Quei sessant'anni di convivenza difficile

Da Churchill alla Thatcher, il rifiuto britannico di cedere parte della sovranità

Quei sessant'anni di convivenza difficile

Nel momento in cui la Gran Bretagna lascia la UE, può sembrare un'ironia della sorte che il primo statista europeo a lanciare l'idea degli Stati Uniti d'Europa sia stato proprio un inglese, Churchill nel 1946. Ma il grande Winston non intendeva in realtà parteciparvi: pensava solo, giustamente, che servisse una nuova struttura per mettere fine ai conflitti. Allora, il Regno Unito aveva ancora il suo impero e un Commonwealth funzionante e gli inglesi, quando la nebbia calava sulla Manica, dicevano che «il continente è isolato». Infatti nel 1954 i successori di Churchill non aderirono né alla Comunità europea di Difesa (peraltro bocciata sul nascere dalla Francia), né tre anni dopo alla CECA, di cui si è appena celebrato il 60° anniversario. Come contraltare, costituirono l'EFTA, una zona di libero scambio di sette Paesi; ma, da bravi pragmatici, si accorsero presto che la cosa non funzionava e nel 1961 il premier conservatore Macmillan si rassegnò a chiedere finalmente l'adesione alla Comunità.

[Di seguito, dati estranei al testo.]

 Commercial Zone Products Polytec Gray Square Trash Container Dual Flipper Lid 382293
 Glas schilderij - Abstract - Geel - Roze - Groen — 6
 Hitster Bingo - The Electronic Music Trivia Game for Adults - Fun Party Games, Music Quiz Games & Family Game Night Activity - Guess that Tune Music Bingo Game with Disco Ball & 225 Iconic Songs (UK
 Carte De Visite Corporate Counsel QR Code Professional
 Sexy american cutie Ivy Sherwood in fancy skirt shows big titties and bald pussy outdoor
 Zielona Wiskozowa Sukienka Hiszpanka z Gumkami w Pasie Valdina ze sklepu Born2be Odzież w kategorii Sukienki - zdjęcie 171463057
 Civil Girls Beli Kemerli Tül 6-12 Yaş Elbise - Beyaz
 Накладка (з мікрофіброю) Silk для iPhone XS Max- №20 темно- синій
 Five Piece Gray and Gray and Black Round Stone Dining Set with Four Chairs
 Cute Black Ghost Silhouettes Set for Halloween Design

Fu l'inizio di un rapporto sempre travagliato, dovuto soprattutto alla diversa concezione che Londra aveva dell'Europa e, di conseguenza, alla differenza di obiettivi. Allora, i Paesi fondatori avevano ancora in mente una visione federalista, mentre la Gran Bretagna non ha mai pensato di andare oltre il mercato comune. Dopo due anni di faticosi negoziati, De Gaulle mise il veto con parole che oggi suonano profetiche: «L'ingresso della Gran Bretagna cambierebbe completamente il volto della CEE: la coesione tra gli Stati membri verrebbe meno» Il «no» francese scatenò in Gran Bretagna un furioso dibattito tra europeisti e antieuropeisti, equamente divisi tra i due maggiori partiti, ma una volta scomparso dalla scena il generale, Londra decise di riprovarci; e nel 1973 Edward Heatrh ce la fece, ma a condizioni così dure che due anni dopo il laburista Wilson ritenne di sottoporre l'accordo a un referendum consultivo: tra la sorpresa generale, i sì vinsero con il 67%.

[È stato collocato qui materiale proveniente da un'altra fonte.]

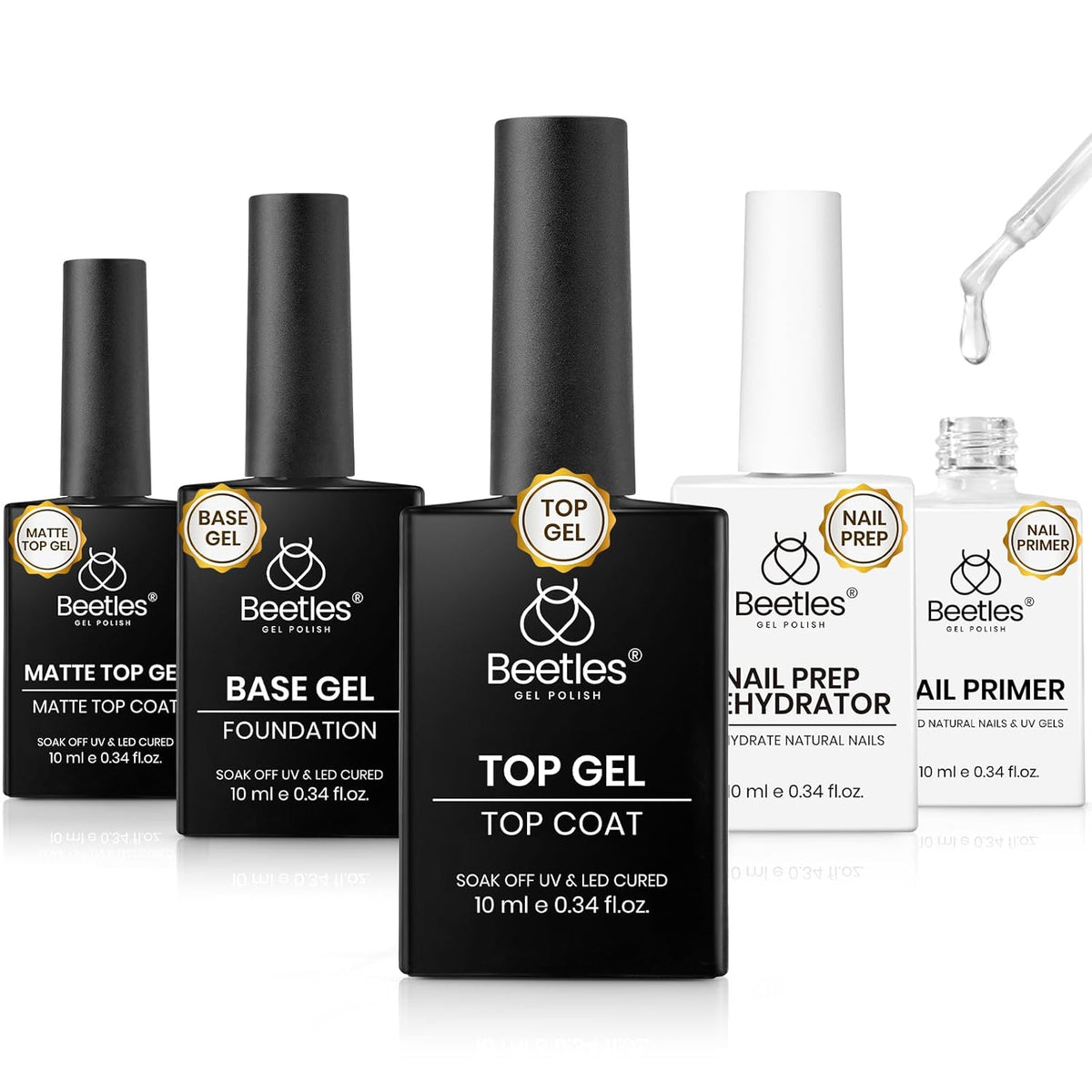 Beetles Gel Top Coat and Base Coat Set with Nail Dehydrator and Primer, 5 Pcs 10ml Glossy & Matte Top Coat Gel Nail Polish Nail Prep Acid-Free and Hema-Free Dehydrate Bond Primer Set for Acrylic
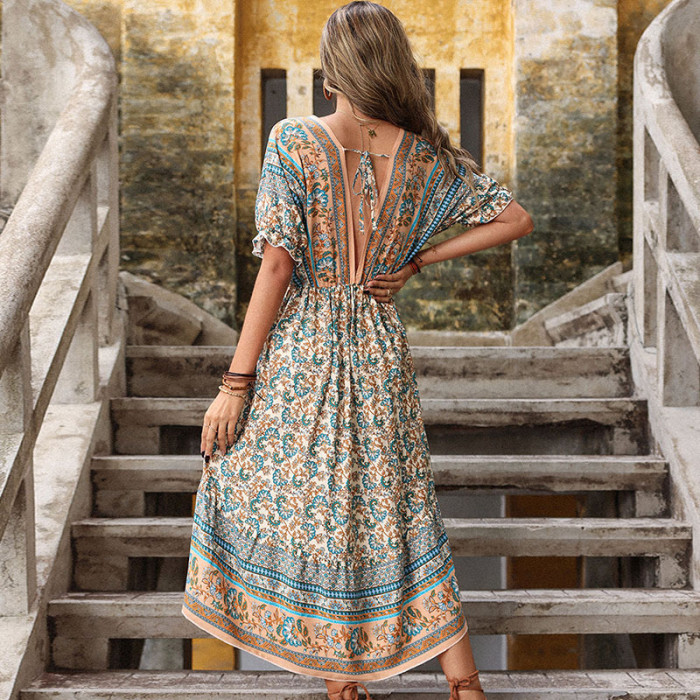 Boho Long Chiffon High Waist Elegant Vacation Dress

Tra coloro che votarono a favore ci fu anche Margaret Thatcher, allora semplice deputata di opposizione. Ma quando, nel 1979, divenne premier, e si rese conto che il Paese sarebbe stato costretto a una progressiva quanto ineluttabile cessione di sovranità, cambiò atteggiamento. Con una sceneggiata che a Bruxelles ricordano ancora («I want my money back», voglio indietro i miei soldi, gridò agitando la mitica borsetta) chiese e nel 1984 finì con l'ottenere, una consistente riduzione del contributo che la Gran Bretagna era tenuta a versare alla Comunità e che andavano soprattutto a beneficio degli agricoltori francesi Due anni dopo, la Thatcher fu tra i fautori del mercato unico, che rientrava nella sua filosofia, ma nel 1989, in un altro famoso discorso a Brugge, disse un definitivo no al federalismo; e l'anno successivo respinse anche il progetto di Unione monetaria, che - forse non a torto - riteneva avesse bisogno di quella unione politica di cui l'Euro soffre oggi la mancanza, ma che lei aborriva.

Uscita di scena Maggie, i rapporti migliorarono un po': il suo successore John Major firmò il Trattato di Maastricht, ma solo dopo avere ottenuto una serie di opt-out che permisero a Londra di conservare la sterlina. Il laburista Tony Blair, durante i suoi tre mandati, fu probabilmente il premier più europeista, concludendo con gli alleati importanti accordi specie sul piano militare, ma i suoi rapporti con Francia e Germania si guastarono a causa del sostegno che diede all'America nella guerra contro l'Iraq. Nel frattempo, l'autoesclusione di Londra dall'Eurozona rendeva le relazioni con Bruxelles più difficili, soprattutto sul piano economico, e l'euroscettismo in Gran Bretagna cresceva a vista d'occhio portando prima alla nascita dell'UKIP e poi alla infausta decisione di Cameron di indire il referendum che ha portato alla Brexit.

Alla luce di questi contrasti, qualcuno ritiene che il divorzio fosse comunque scritto nelle stelle. Ma, se tanti statisti su entrambe le sponde della Manica non avessero fatto tanti errori, forse sarebbe stato possibile evitarlo.